Instructions for the task
Without including any pictures, reproduce all the lines below word for word.

Information supplied
________________________
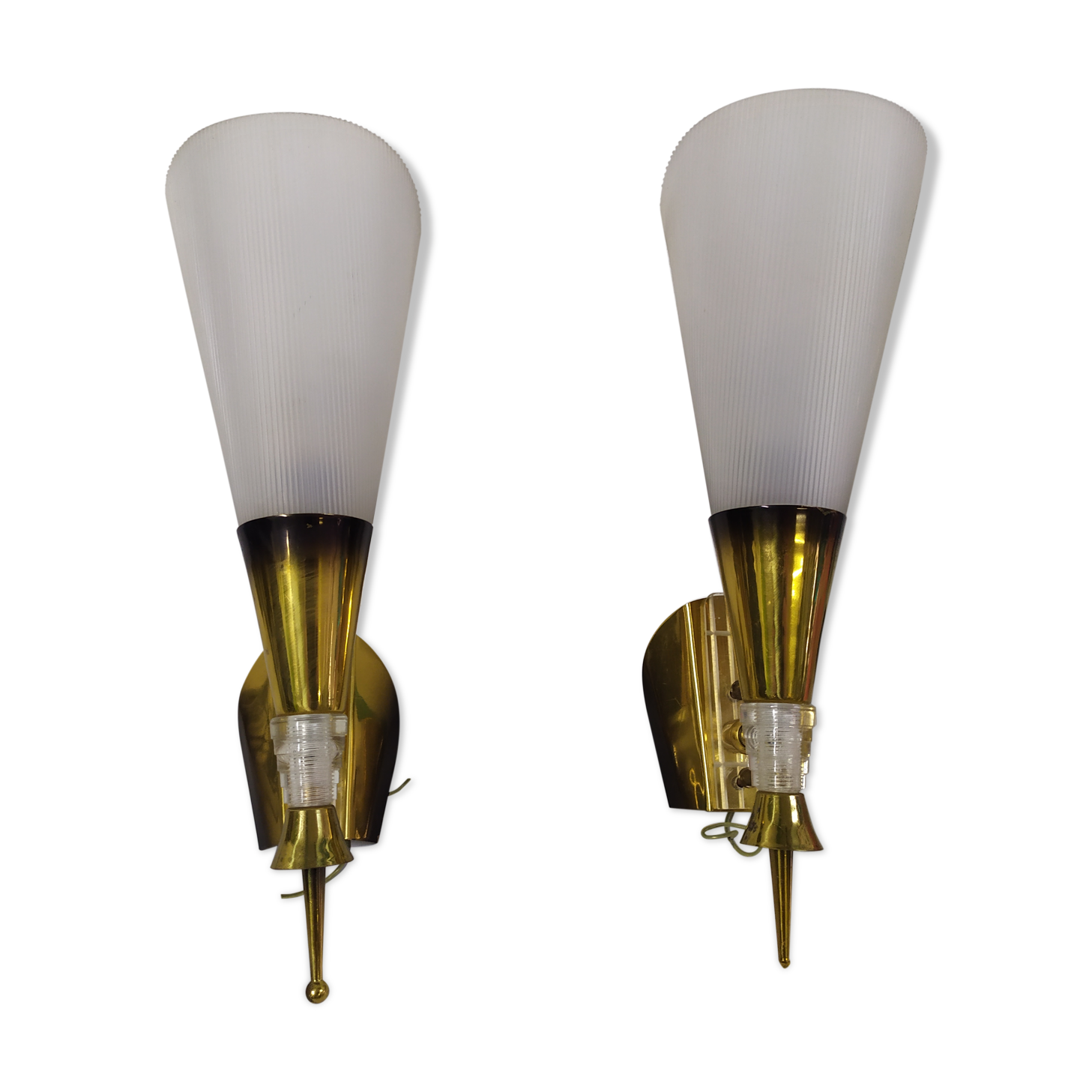 Pair of wall sconces plexiglass rockabilly gilded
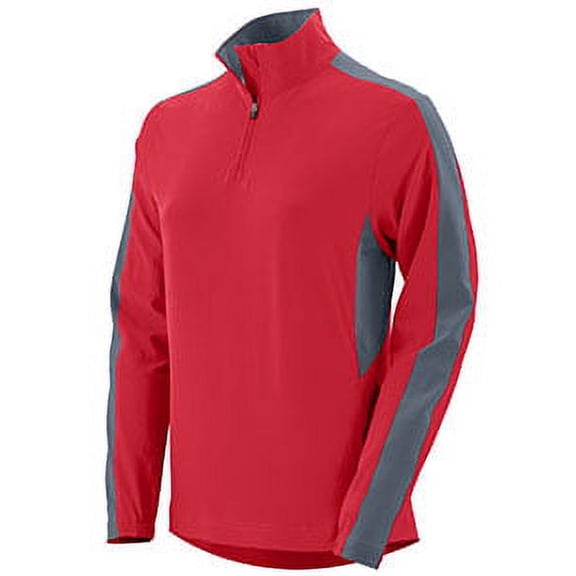 Augusta Ladies Water Resistant Poly/Span Half Zip Pullover - RED/ GRAPHITE - XL 3790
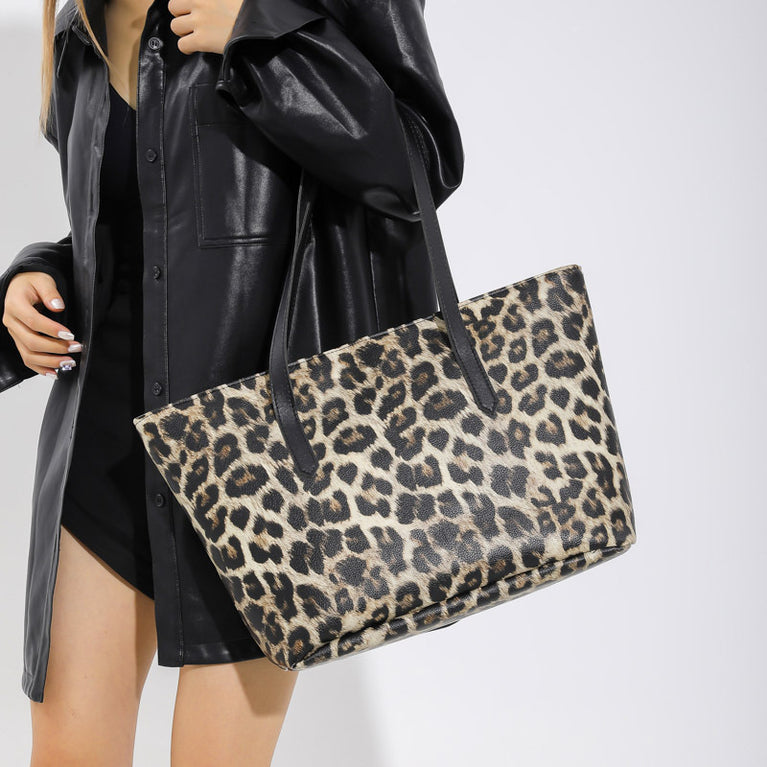 Large Capacity Leopard Print Tote Three-piece Set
________________________
Task solution
 Pair of wall sconces plexiglass rockabilly gilded
 Augusta Ladies Water Resistant Poly/Span Half Zip Pullover - RED/ GRAPHITE - XL 3790
 Large Capacity Leopard Print Tote Three-piece Set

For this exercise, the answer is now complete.